> **Problem statement**
Leave every picture out, and give again exactly the lines from the one containing "Former Liberty QB" through the end of the listing.

> **Data excerpts**
━━━━━━━━━━━━━━━━━━━━━━━━━━━━━━

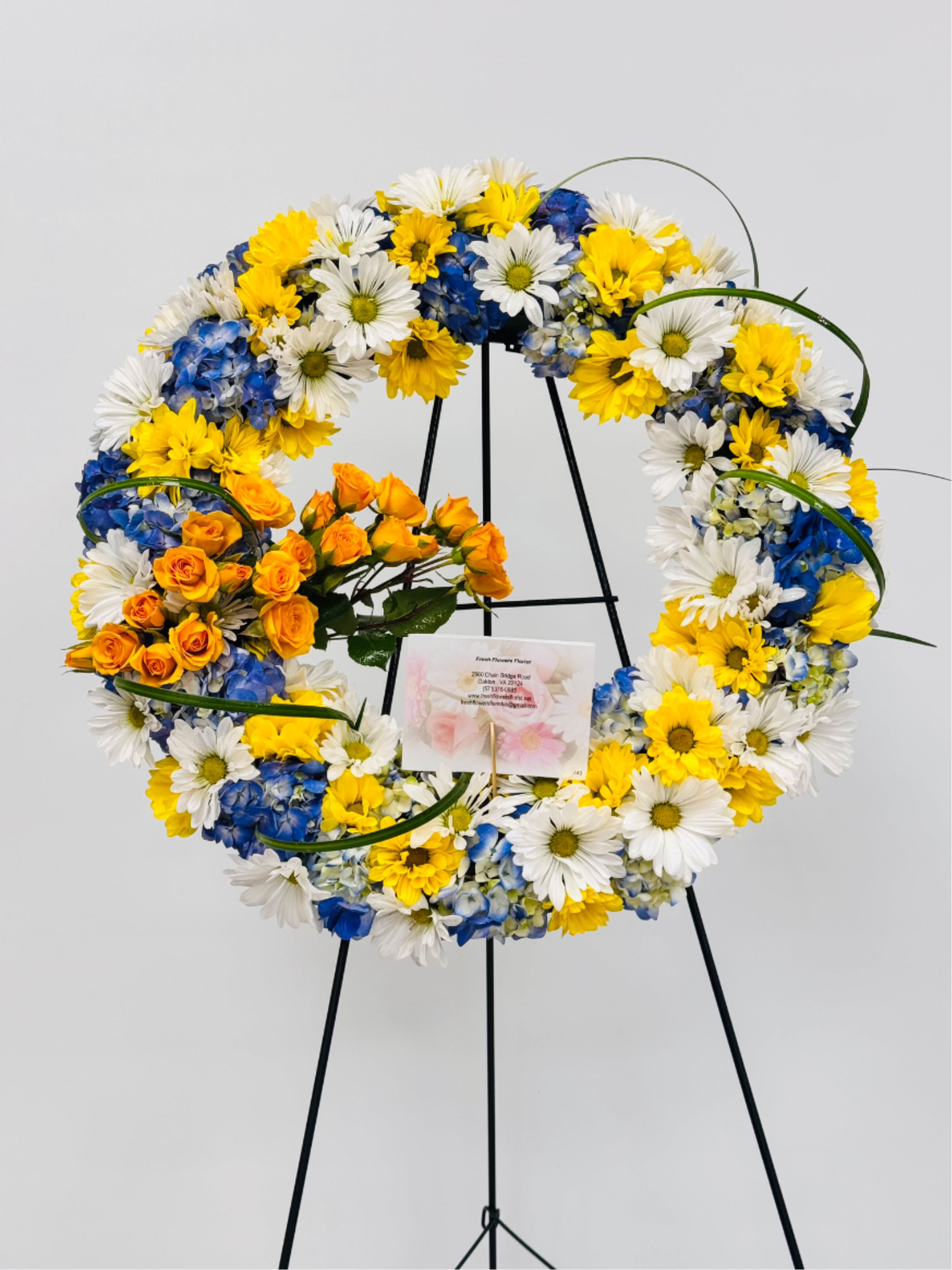 Heavenly Tribute - A bright circular wreath that reads as both celebratory and respectfully elegant, this flower arrangement is designed for memorial services or congratulatory displays. The wreath form and metal easel stand give it a formal presence ideal for a funeral tribute, remembrance, or ceremony where you want the person you're honoring to feel celebrated and remembered. The mix of yellow, white, blue, and orange flowers creates an uplifting palette that catches the eye without feeling gaudy.  Carefully wired on a black wreath stand, the ring is densely filled with white and yellow daisy-like blooms that form a sunny, textured backdrop. Cool blue hydrangea clusters are placed throughout the circle to add visual depth and contrast, while a focused spray of small orange roses on the lower left provides a warm, asymmetrical focal point. The arrangement arrives ready to display on the included metal easel and comes with a card for a personalized message.  Appropriate for a wide range of occasions-from a heartfelt sympathy tribute to a proud celebration of life or achievement-this wreath communicates warmth and respect for the recipient. Size and presentation are tailored for public display; please indicate any special wording for the card when ordering so we can prepare it for delivery and placement.funeral and sympathy 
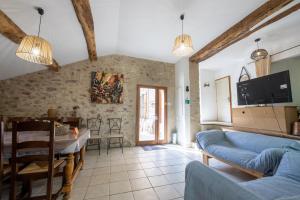 a living room with a blue couch and a table at La Mazette, les pieds dans l'eau ! Privatisée ! 16 Pers in Olargues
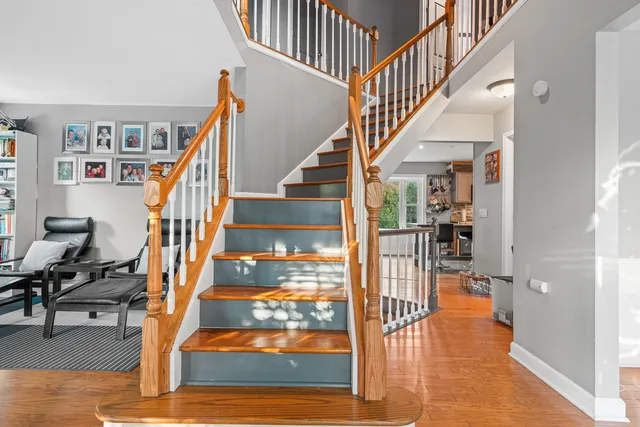 a white toilet sitting next to a bathroom sink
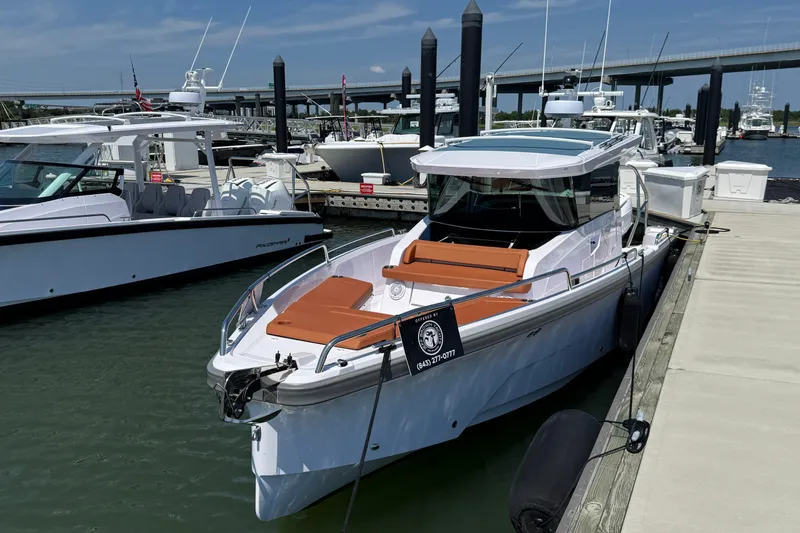 The Image of 2026 Axopar 29 XC Cross Cabin docked at marina, featuring sleek design and modern amenities. - 0
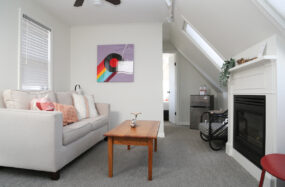 Cozy living room with sofa, coffee table and fireplace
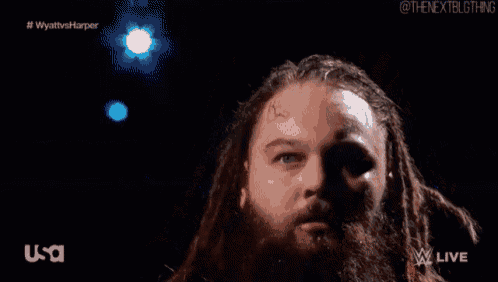 a man with dreadlocks and a beard is standing in front of a usa logo .
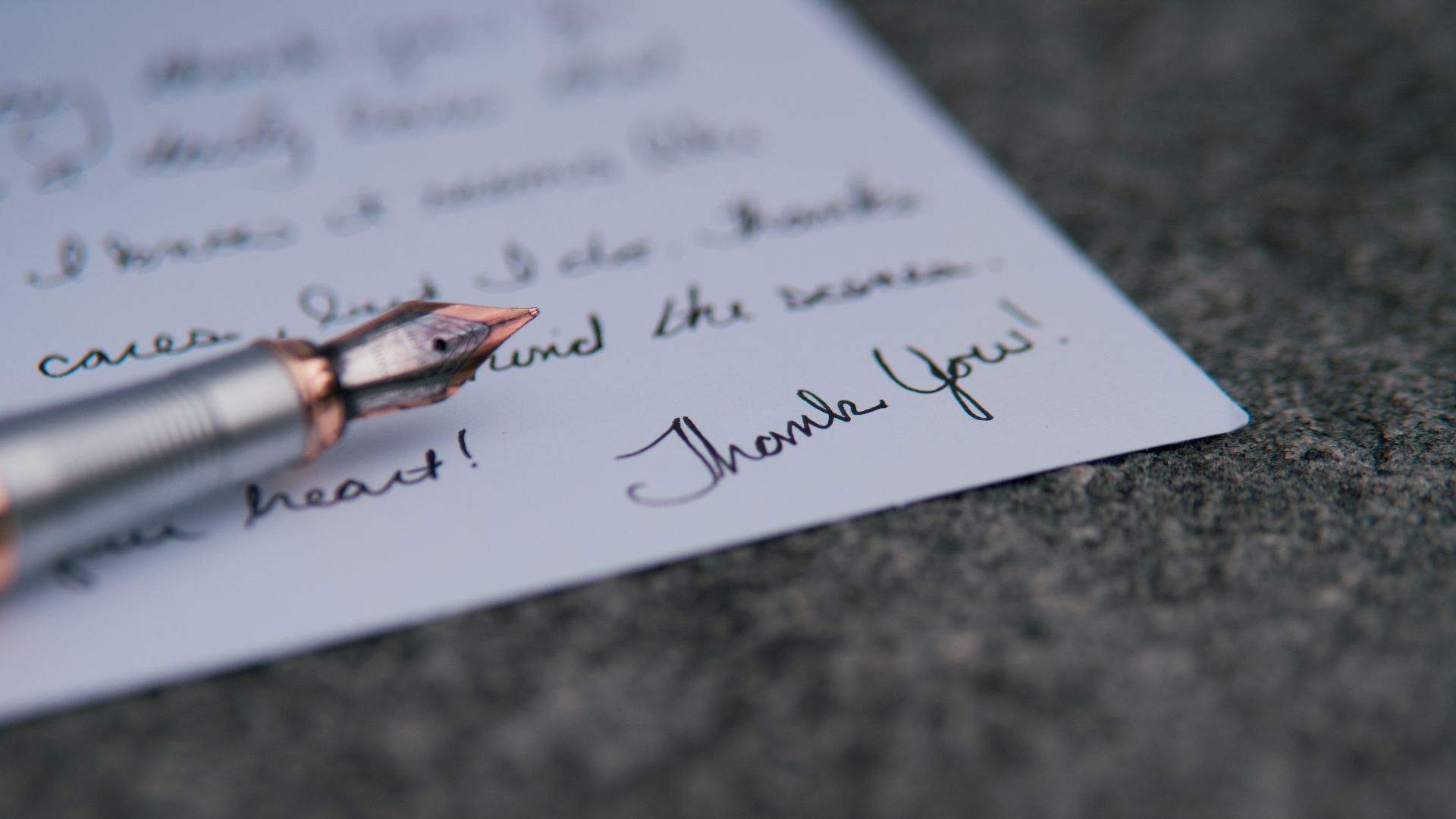 a pen on top of a piece of paper with writing on it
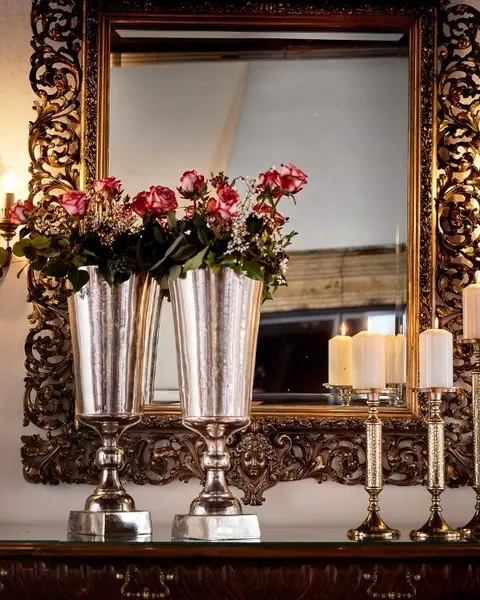 Detailaufnahme eines Spiegels mit schwerem schmiedeeisernen Rahmen, Kerzen und Rosen in silbernen Vasen auf Schloss Mittersill (c) Foto Michael Huber www.huber-fotografie.at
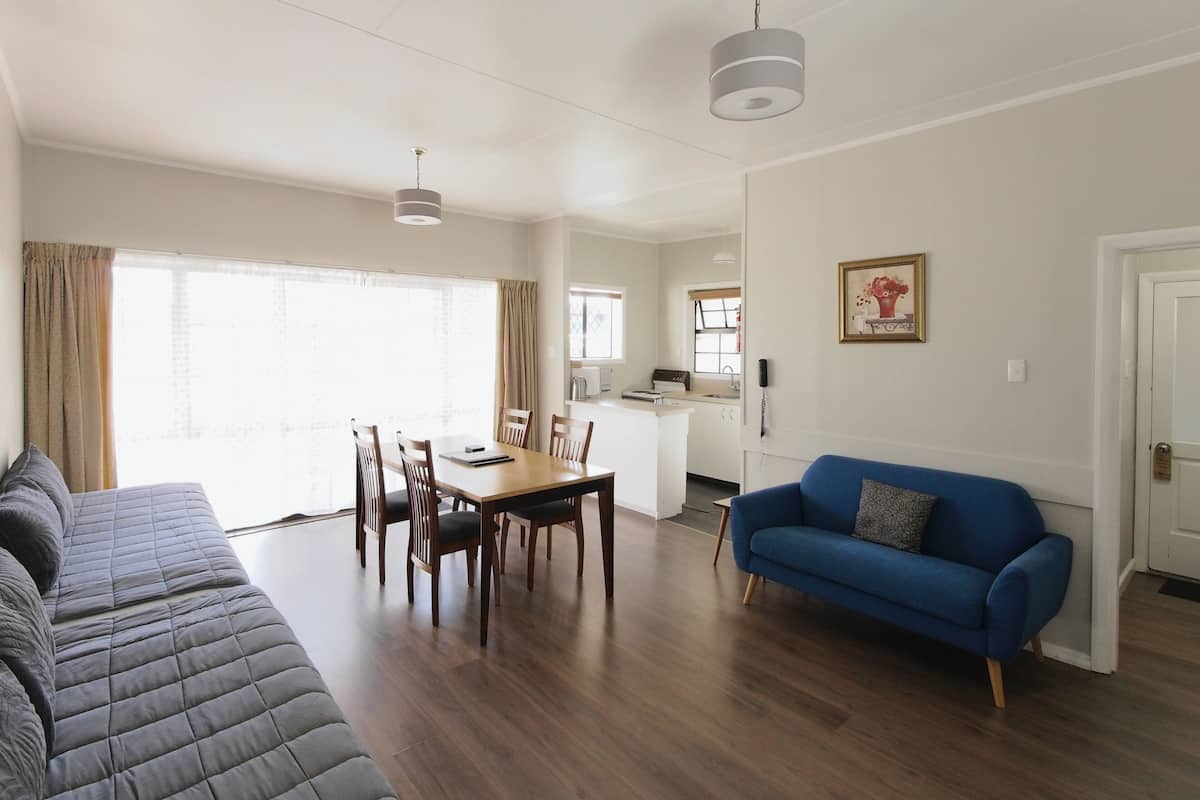 A modern living room with a dining area, a kitchen in the background, and a large window with curtains.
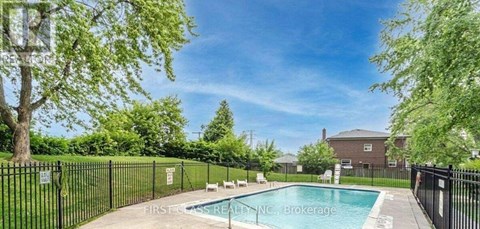 A pool surrounded by a black fence with trees in the background.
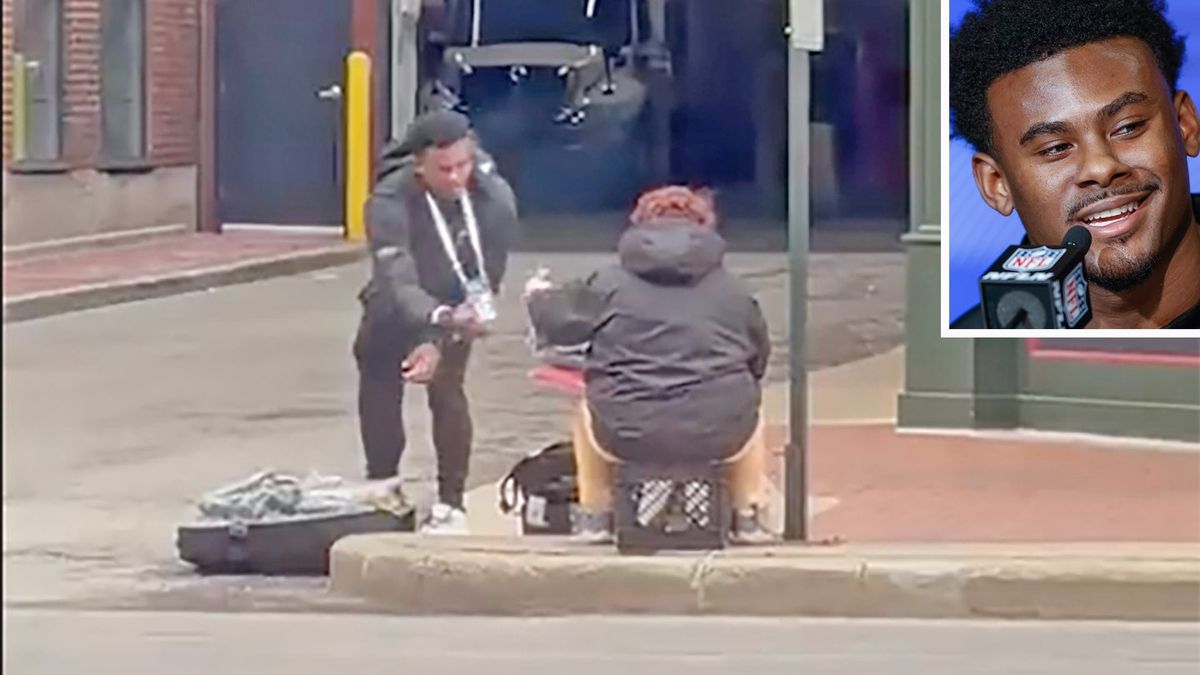 Former Liberty QB Malik Willis giving aid to a man sitting on a street corner.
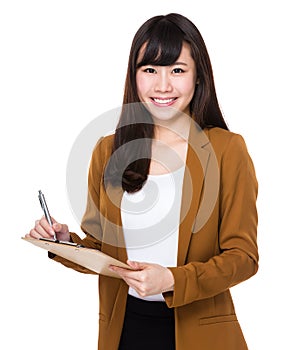 Asian Businesswoman take note on clipboard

━━━━━━━━━━━━━━━━━━━━━━━━━━━━━━

> **Task solution**
 Former Liberty QB Malik Willis giving aid to a man sitting on a street corner.
 Asian Businesswoman take note on clipboard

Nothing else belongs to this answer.